Early in June, Coleman was on the Hill Street trolley and heard two guys talking about a strange-o named Thomas Cormier and the smelly animals he kept behind his house on Carondelet. One man recited the names: weasels, ferrets, badgers, otters and wolverines. Coleman got excited, census-called Thomas Cormier and learned he worked nights at the Griffith Park Zoo. The next night, armed with a flashlight, he visited the wolverines and fell in love with them.

They were nasty. They were vicious. They took shit from no one. They tried to chew through the front of their cages to get at him. They had a snarl that sounded like the high notes on his sax.

Coleman left; he didn’t burglarize the house, because he wanted to keep coming back for more visits. He read up on the lore of the wolverine and reveled in tales of its savagery. He set rat traps in Griffith Park and brought his catch back for the wolverines to eat dead. He brought hamsters and fed them to the wolverines live. He shone his flashlight on the wolverines and watched them gorge on his goodies. He came without touching himself while he watched.

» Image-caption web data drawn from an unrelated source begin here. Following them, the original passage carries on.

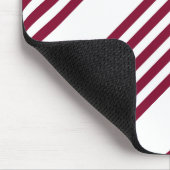 Bourgogne rood met wit vijfstrips muismat (Hoek)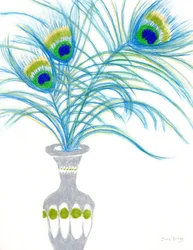 Still Life with Peacock Feathers, c.2024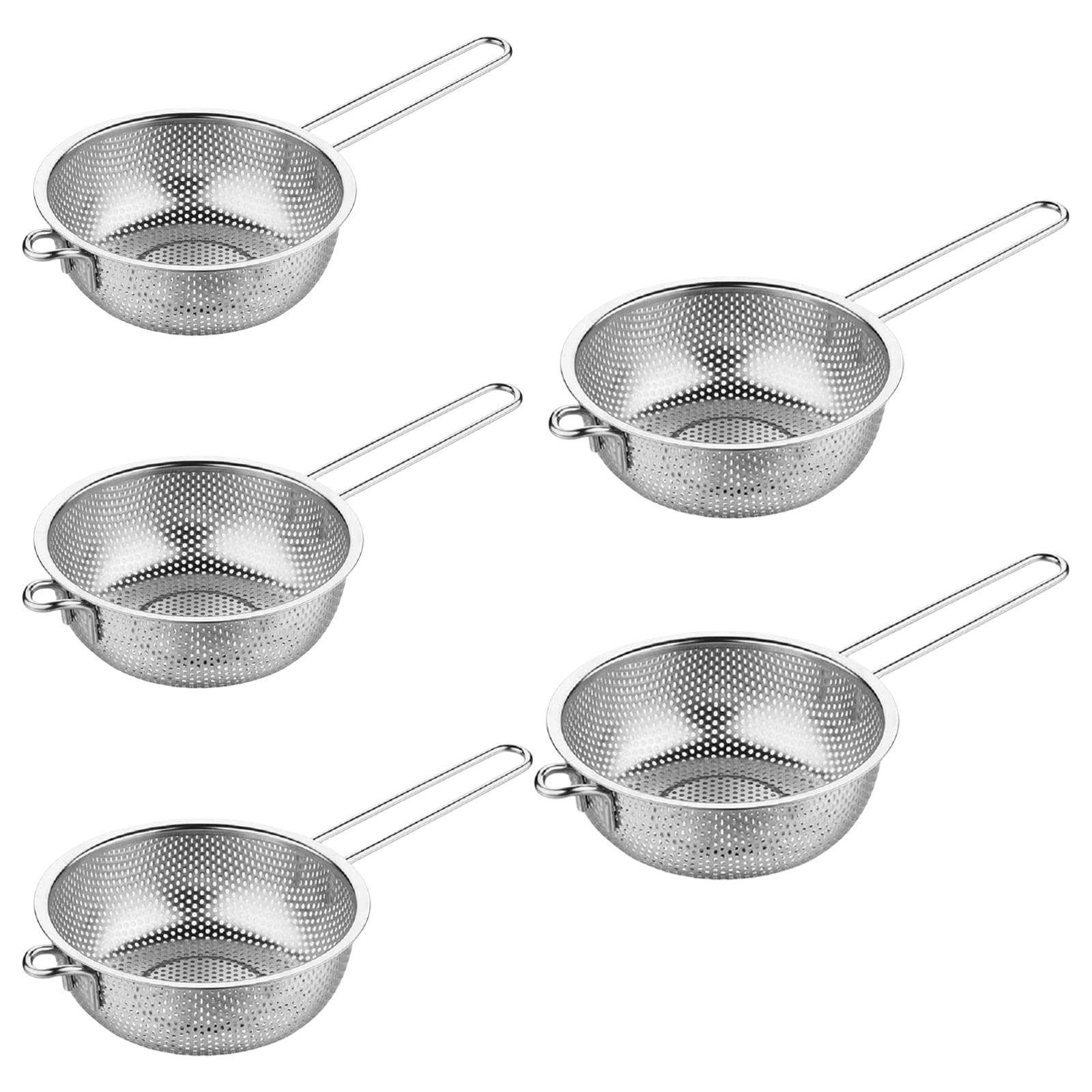 Scolapasta in acciaio inox a maglie fini per filtrare e drenare efficacemente vari ingredienti
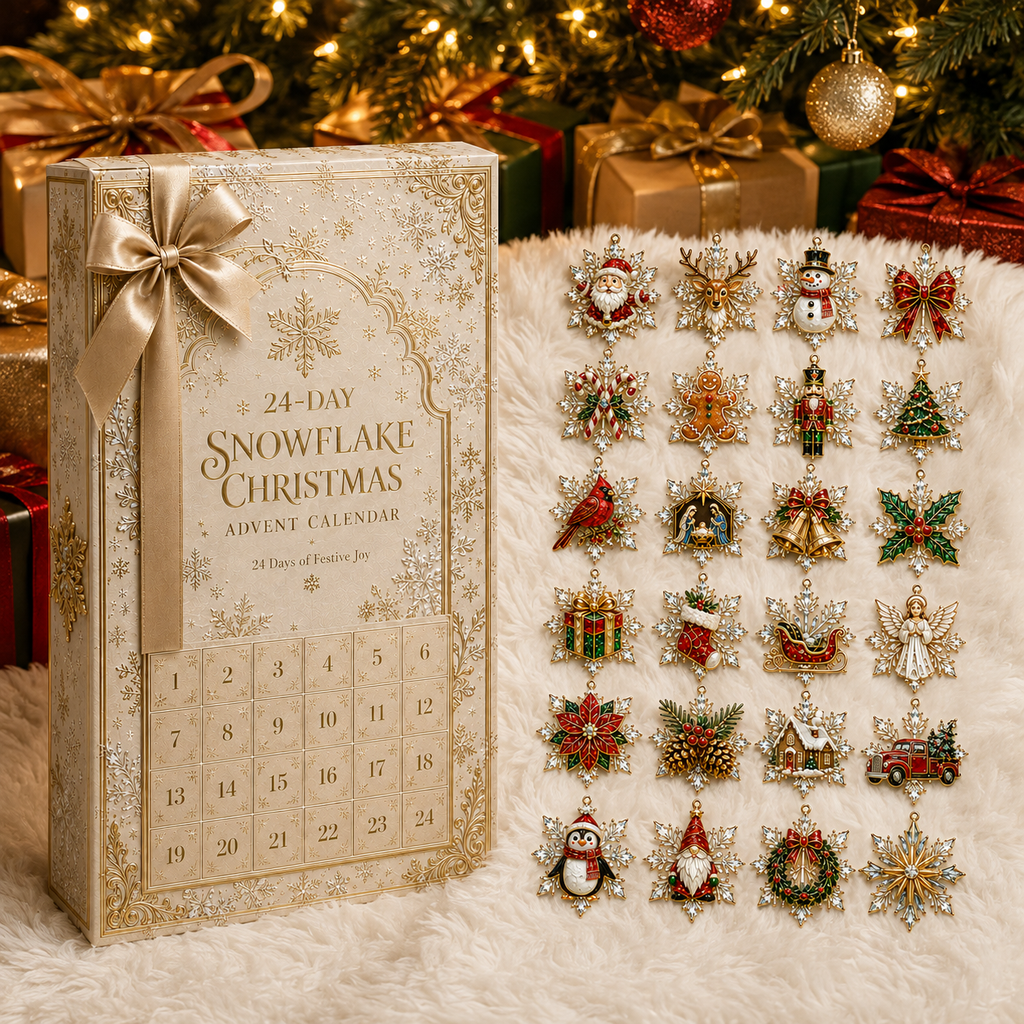 24 Days Christmas Snowflake Ornament Countdown Advent Calendar 2026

Coleman’s summer was marred by Delores pestering him for more money. Late in July, he read in the paper about a local bachelor who worked swing shift at Lockheed and owned a valuable coin collection. He decided to steal it, sell it and parcel the money out to Delores so she’d leave him alone.

On the night of August 2, Coleman tried—and was captured inside the house by the owner and two friends of his. He went for the owner’s eyes like a good wolverine—unsuccessfully—but managed to get away. He ran the six blocks home, found Delores and a strange man going 69 on the couch with the lights on, was repulsed and ran back outside in a panic. He tried to run for the wolverine house, but the coin collection man and his pals—trawling in a car—found him. They drove him out to Sleepy Lagoon Park and beat him; the coin collection man wanted to castrate him, but his friends held him back. They left him there beaten bloody, composing music in his head.